Ce voyage rend l’illusion plus vraie que le réel . N’est-ce pas au fond sur cela que repose l’art théâtral : la fiction comme un détour par l’ailleurs pour mieux éprouver le réel qui nous entoure. Mais le passage de l’un à l’autre manque de fluidité. Selon l’angle de vision choisi, les images apparaissent brouillées, inachevées. Par ailleurs l’inconvénient du multimédia, est que les actions accomplies par les techniciens sur le corps de l’immergé sont différées dans le temps par rapport à la vidéo. Cette dissociation empêche le spectateur de confondre pleinement virtuel et réel. Le cerveau peut donc difficilement associer l’activité physique à l’activité cognitive. Telle est le risque à prendre dans ce dispositif livré à l’aléatoire de la manipulation des techniciens.
Terra Nova : un besoin de parole
Pendant l’expérience aucune communication n’est possible, car chacun est sollicité dans sa propre perception. Il est troublant d’être au théâtre mais de ne pas entendre les réactions du public, car pour que l’immersion fonctionne nous devons être isolés. Toutefois chacun est relié par les mêmes sons et images. « Le rêve d’habiter le corps et la pensée de l’autre »4 reste impraticable à cause de cette absence de langage. Les mots manquent pour qu’aboutisse la rencontre avec l’autre.
La langue se révèle alors nécessaire à l’expérience. En fin de voyage, tous les spectateurs se sont mis à se parler, à se raconter, comme si l’immersion réclamait la parole. « Vers la fin du spectacle, lorsque l’on émerge, on est à même de percevoir l’ensemble des pièces du puzzle et de lier la narration avec l’expérience vécue » confirme Joris. Force est de constater que la participation vivante du public au théâtre augmente la préciosité accordée à chacun.
L’échec d’interaction entre l’activité physique et mentale n’empêche pas que corps et psychique soient tous deux en proie au trouble de l’illusion. Sensible et intelligible sont fondamentalement liés pour que toutes expériences puissent avoir lieu. Ils doivent leur autonomie à leur inter-dépendance. Les captations sensibles communiquent avec leurs propres signaux à l’instar des captations cognitives. Mais c’est par la rencontre des deux que la perception se réalise. Tout comme le spectateur a besoin d’éprouver puis de dialoguer.
Finalement le procédé de la compagnie CREW fonctionne malgré un système défaillant. L’imperfection n’ôte pas à l’ambition du concept sa pertinence et son éclaircissement.
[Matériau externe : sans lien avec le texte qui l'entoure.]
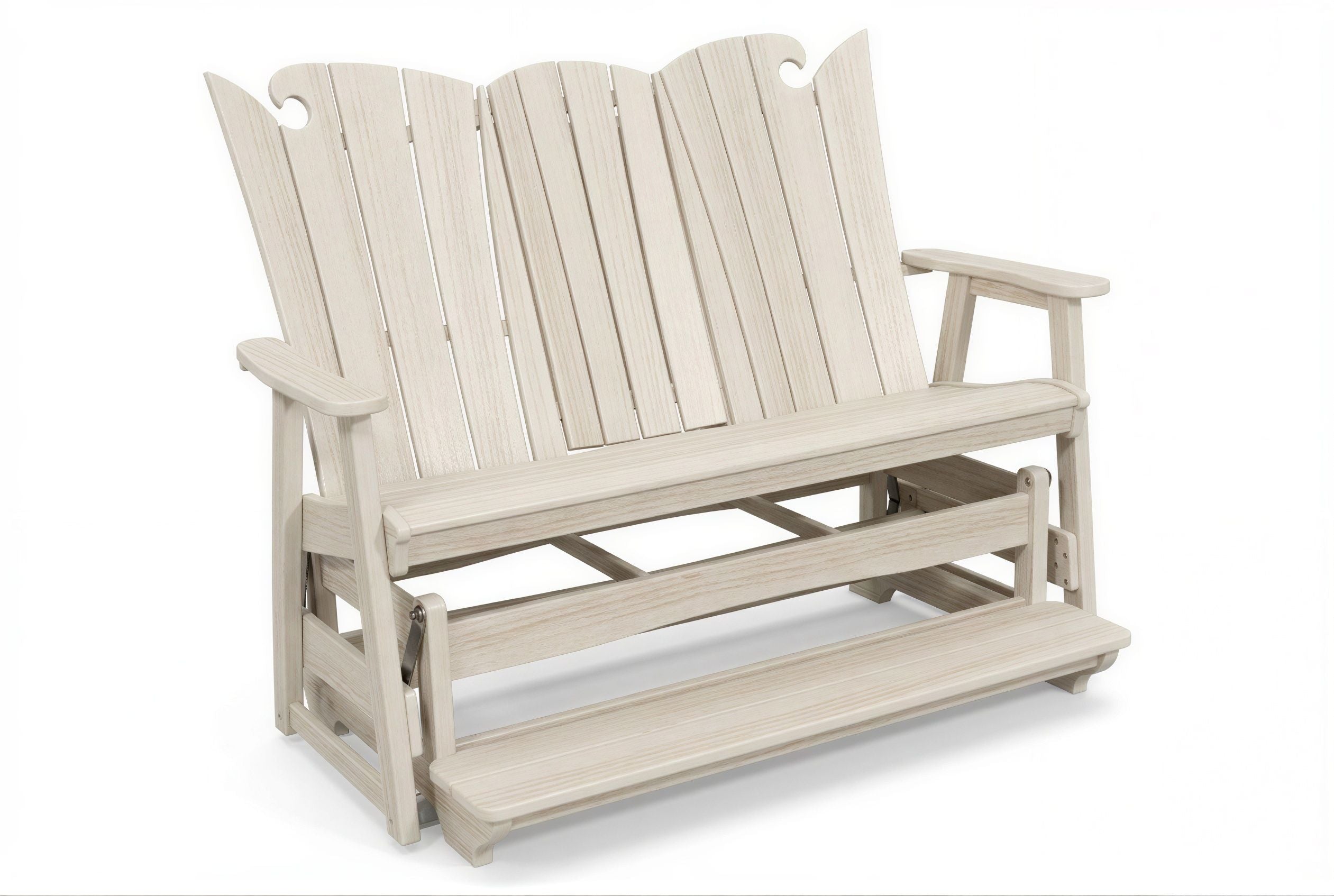 OceanWavz Multi-Seat Glider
Joris en fait l’affirmation lorsqu’il déclare dans une interview réalisée à la Chartreuse que : « L’échec fait donc partie intégrante du processus ».
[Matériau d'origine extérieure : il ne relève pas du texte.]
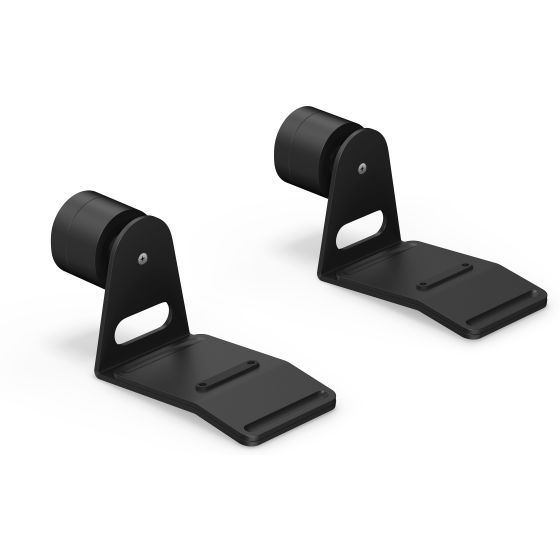 Sonos Era 300 Mounts (Pair)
Au delà d’un déplacement physique, le spectateur est téléporté de l’ « ici et maintenant » vers un « maintenant mais pas ici » ou un « ici mais pas maintenant ». Joris défie ainsi les lois du théâtre.
Grâce à la grande liberté laissée au spectateur d’explorer les limites de la perception, il fait du théâtre une terre neuve d’exploration.
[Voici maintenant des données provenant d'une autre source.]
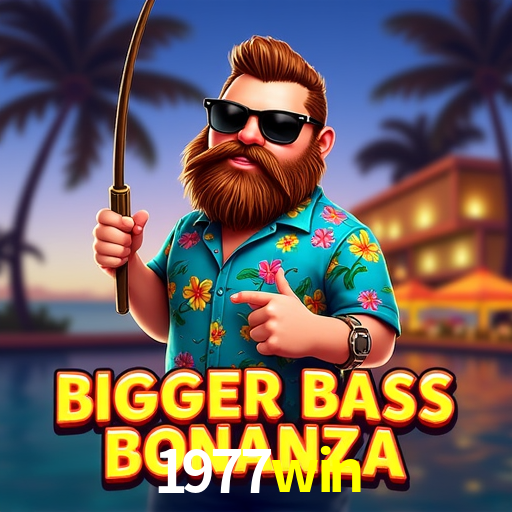 Descubra a Essência do 1977win: Nossa História e Compromissos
1Philippe Bekaerts est chercheur au Centre for Digital Media de l’Université de Hasselt en Belgique.
Kurt Vanhoutte est professeur du département théâtre, film et littérature de l’Université de Antwerp en Belgique.
2Citation Eric Joris note d’intention du programme « La Chartreuse »
3La caméra omnidirectionnelle place le visionneur physiquement dans une image capturée de vidéo.
4Citation Eric Joris dans la note d’intention du programme de « La Chartreuse ».